気づけば2018年も終わりが見えてきてます。人生の体感スピードは加速度的にはやくなっていくなんて話は色んな人が言うけれど、どうやらこれは単なる俺老けちゃったよ自慢というわけではなさそうだぞ、と。で思うんですけど、これって一年間の出来事として思い出せることが年々減っていることを逆説的に証明しているのではないでしょうか。思い出して欲しいんですけど、本当は思い出はもっとあるはずなんですよ。

でも、僕らの意志とは無関係にどんどん生活は続いていき、当然似たような日々が続くことも多いから忘れてしまうこともある。音楽を非可逆圧縮したように、毎日見ていたはずの夕景がいつもよりちょっと綺麗にみえるとか、そんな些細なことは思い出せなくなる。

誰かが言っていたように、これに対抗できるほぼ唯一の手段は、日記やブログで記録しておくことなんです。で、いつか自分が振り返ったとき、ああ、この時も自分はかっこいい音楽聴いていたんだな、って思えるようにしたくて、レビューを書くに至ったわけです。

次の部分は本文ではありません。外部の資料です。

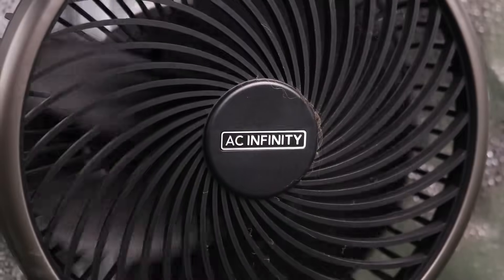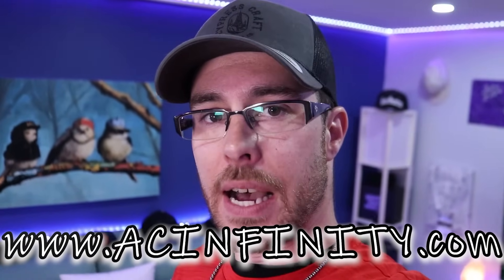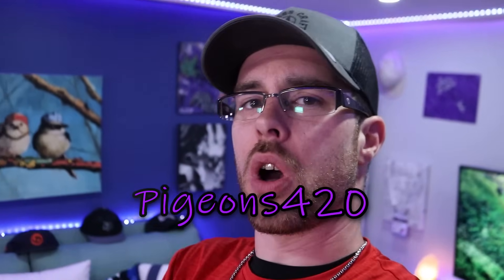Before we get into that, I want to give a huge shout out to the sponsors of the channel — Spider Farmer and AC Infinity. AC Infinity has got one of the best names in the game when it comes to air circulation. They've now released tents, bowl trimmers, trimmers, and circulating oscillating fans. You can check them out at acinifinity.com and use promo code pigeons420 to save a few dollars at checkout.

一発目誰について書くか悩みましたよ、でも、お金かけた金額、ハマリ具合、2018年のブレイク具合、そして時代を問わずかっこいいと思えるか、それらを考慮したら、彼ら以外にいないでしょう。tetoです。

 

 

僕らはtetoに恋をしている

おそらくこのブログを見に来ている皆さんは、純粋に音楽が好きで、tetoが好きで、って人ばかりでしょう。読んでくれてどうもありがとう。

2018年、tetoの勢いは本当に凄まじかった。ついに見つかってしまったか、という感じ。初のフルアルバムのリリース、22ヶ所(うち10ヶ所ワンマン)をめぐる全国ツアー、ロッキンやCDJなどフェスにもひっぱりだこだった。僕も仙台とファイナルの恵比寿公演に足を運ぶことができた。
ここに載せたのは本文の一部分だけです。